For most companies and investors, carbon credits play a crucial role in their Net-Zero strategy. They allow companies to make earlier and more ambitious commitments. Credits allow companies to reduce their current emissions through offsets, while taking cost-effective steps to reduce future emissions through asset rotation and business model development. In the long term, credits can play an essential role in offsetting difficult-to-avoid emissions from products for which no low- or zero-emission options exist.
The growing interest in recent years is also reflected in the Voluntary Carbon Market (VCM), which organises the pledging and trading of carbon credits. In 2022, the demand for carbon credits is at its peak. Prices have increased by more than 140% since 2021 and forecasts assume that demand for credits will increase 15-fold by 2030, to $50 billion per year.

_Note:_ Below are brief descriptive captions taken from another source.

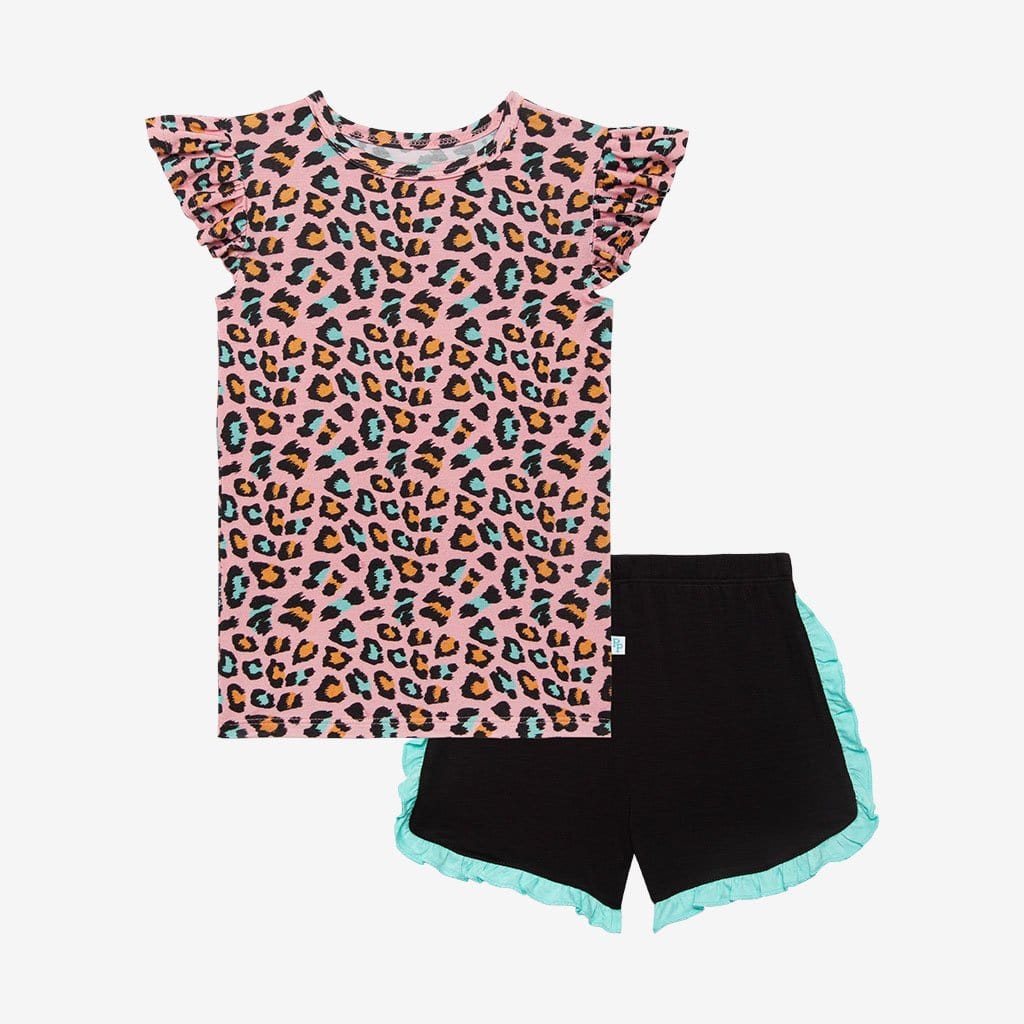 Roxy Ruffled Cap Sleeve Top Ruffled Short Set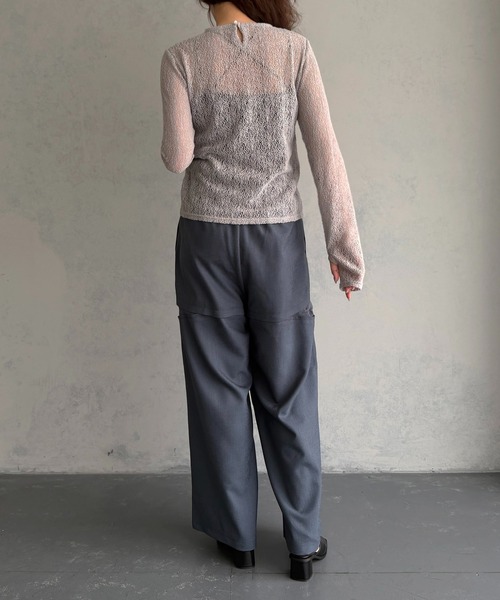 &g'aime（アンジェム）の「【&ｇ'aime 】シアー切替パンツ　Sheer Panelled Pants（スラックス・レディース・チャコールグレー/ブラック・FREE）」の17枚目の写真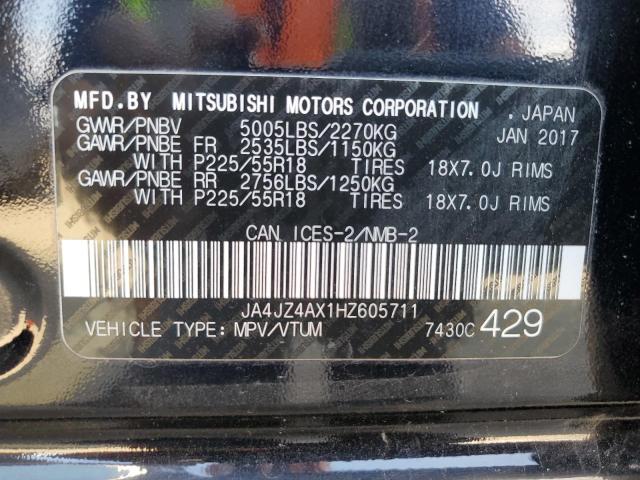 JA4JZ4AX1HZ605711 - 2017 MITSUBISHI OUTLANDER GT BLACK photo 13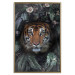 Wall Poster Tiger in Leaves - portrait of a tiger against a background of green plants and flowers 138696 additionalThumb 27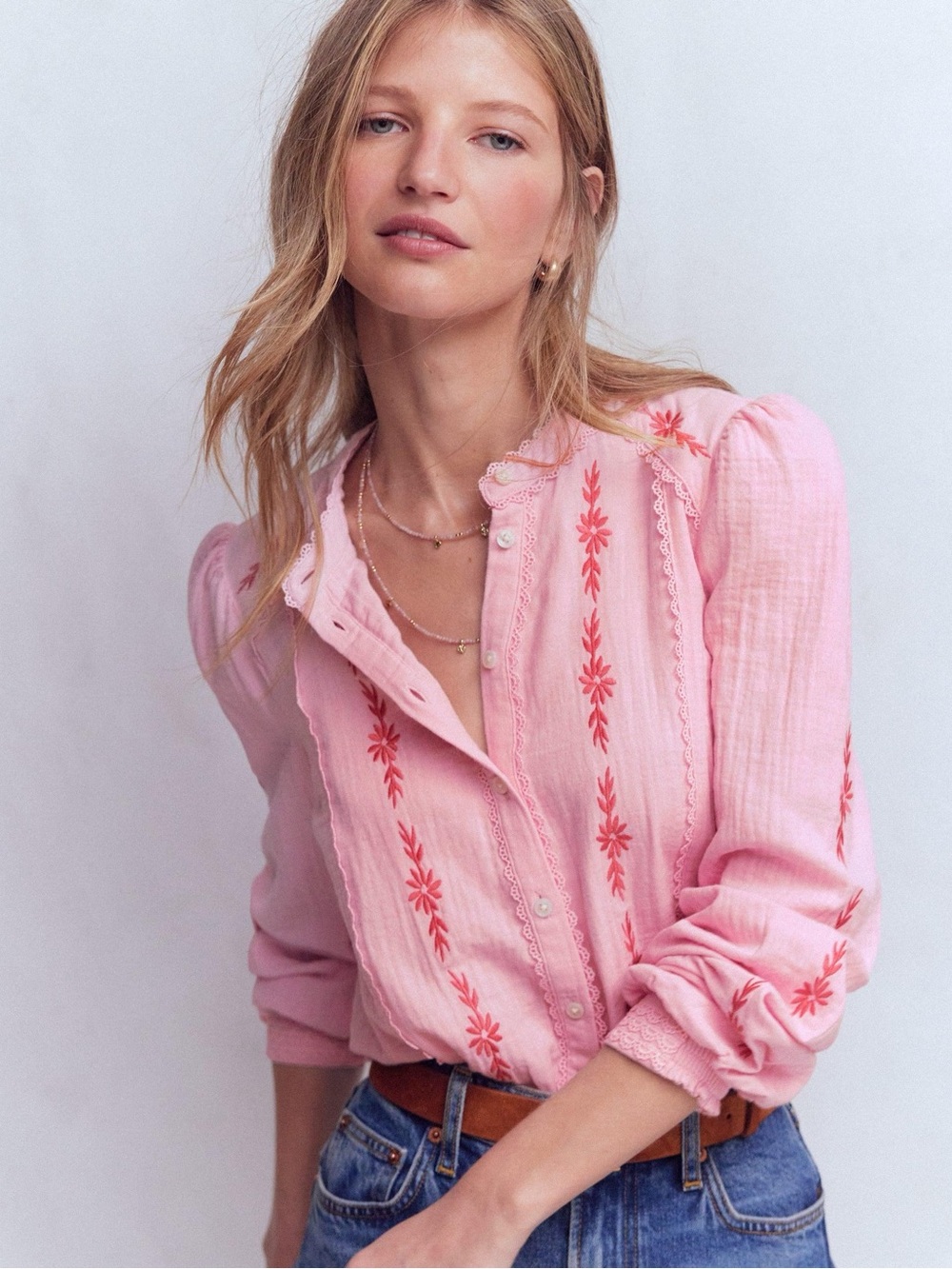 Boden Pink Blouse with Coral Embroidered Stripes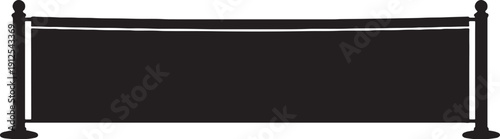 Tennis Net Assembled Solid Black Silhouette SVG EPS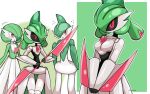  +++ 1boy 2girls arm_blade artist_name bangs black_sclera black_skin blush border breasts collarbone colored_sclera colored_skin commentary_request cowboy_shot domidori double-blade flying_sweatdrops fusion gallade gardevoir green_background green_skin hair_over_one_eye half-closed_eyes highres holding humanoid_robot iron_valiant jitome joints light_blush looking_at_another mohawk multicolored_hair multicolored_skin multiple_girls multiple_views nervous nervous_smile no_mouth one_eye_covered open_mouth outline outside_border own_hands_together pokemon pokemon_(creature) red_eyes robot robot_girl robot_joints shiny shiny_hair shiny_skin signature simple_background small_breasts smile standing sweat twintails two-handed two-tone_hair two-tone_skin v_arms weapon weapon_request white_border white_outline white_skin wide_hips 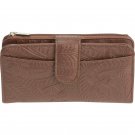 Brown Leather Ladies Wallet with Space for Credit Cards and Bills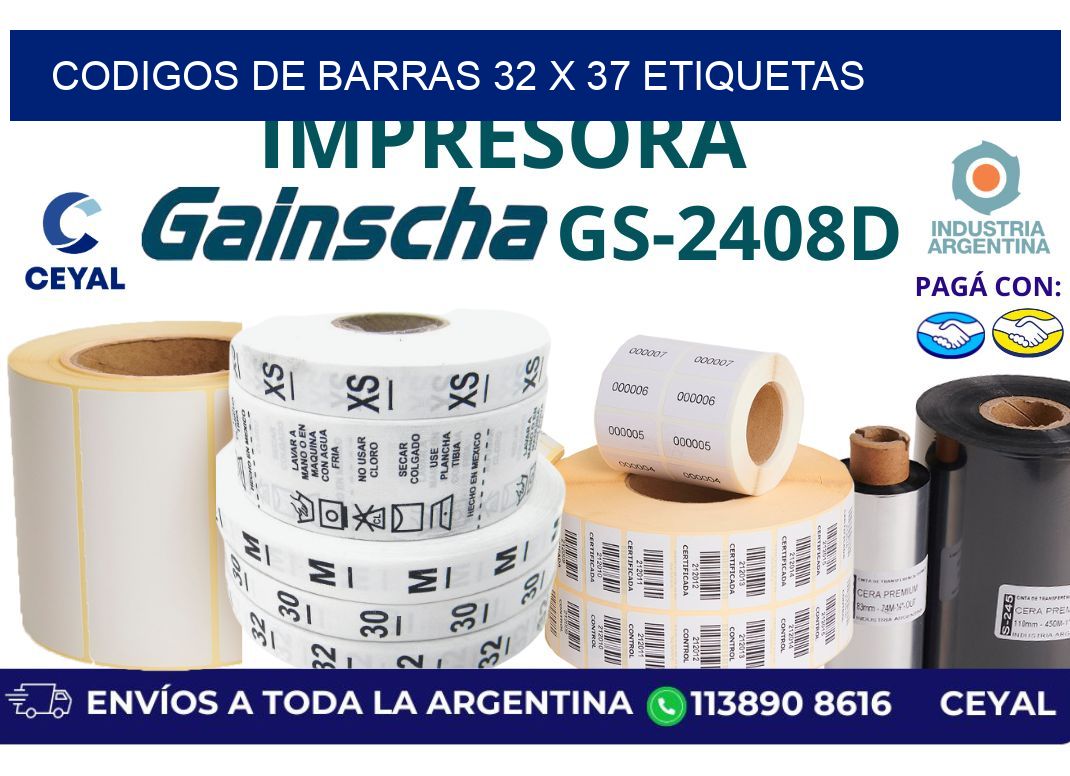 codigos de barras 32 x 37 etiquetas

But the voluntary carbon market has a problem. It cannot cope with demand. Access, which plays a crucial role in the global effort to combat climate change, is often limited to large organisations and is characterised by opaque pricing and market inefficiencies. Furthermore, due to a lack of transparency and credibility, it has faced a number of problems in recent years.
This report examines the key role for on-chain carbon credits as part of net zero strategies and the VCM. It was prepared by senken to help business decision makers identify and understand the best use of credits for their business.
What is Fit for 55?
The Fit for 55 package is a comprehensive set of legislative proposals aimed at aligning the European Union with its ambitious climate targets. It encompasses various policies and regulations designed to reduce greenhouse gas emissions and accelerate the transition to a sustainable, low-carbon economy.
What is the Fit for 55 timeline?
Present: The Fit for 55 package was introduced in July 2021, signalling a significant step forward in the EU's climate ambitions. It includes numerous legislative proposals and initiatives, some of which are already in the process of being implemented.
Near Future: Implementation of the Fit for 55 package will occur gradually over the next decade. The package outlines specific targets and milestones, including an overall goal of achieving at least a 55% reduction in greenhouse gas emissions by 2030 compared to 1990 levels. Many of the measures will come into effect in the coming years, impacting various sectors.
2030 and Beyond: The Fit for 55 package sets the stage for the EU's long-term objective of achieving climate neutrality by 2050. This means that emissions in the EU should be balanced by removals of greenhouse gases or offset through measures such as carbon capture and storage.
Sectors Covered by Fit for 55:
The Fit for 55 package covers a wide range of sectors and industries, aiming to ensure that emissions reduction efforts are comprehensive. Key sectors included are:
Energy: Measures to accelerate the shift to renewable energy sources, enhance energy efficiency, and phase out high-emission technologies.
Transport: Promoting electric vehicles, improving public transportation, and setting stricter emissions standards for cars and trucks.
Industry: Implementing measures to reduce emissions from energy-intensive industries through carbon pricing and innovation.
Buildings: Enhancing energy efficiency in buildings and promoting the use of sustainable construction materials.
Carbon Policy Tools
Carbon Pricing: Expanding the EU Emissions Trading System (ETS) to include additional sectors, such as aviation and shipping, and increasing the price of carbon allowances.
Carbon Border Adjustment Mechanism (CBAM): Introducing a mechanism to address carbon leakage by imposing tariffs on imports from countries with weaker climate regulations.
How Fit for 55 Affects Your Company:
For a company just beginning its decarbonisation journey, the Fit for 55 package is significant because it sets the regulatory landscape for emissions reduction in the EU.
Here are key considerations:
Compliance: Understanding and complying with the new regulations will be essential. Companies need to assess how their operations and emissions align with the targets and requirements set by the Fit for 55 package.
Innovation and Investment: The package encourages innovation and investment in low-GHG impact technologies and practices. Companies can explore opportunities to transition to cleaner energy sources, improve energy efficiency, and adopt sustainable practices.
Risk Management: Being aware of the potential financial risks associated with non-compliance or carbon pricing is crucial. Companies should develop strategies to manage and mitigate these risks.
Market Opportunities: The transition to a low-carbon economy also presents market opportunities, such as the demand for sustainable products and services. Companies can position themselves to benefit from these trends.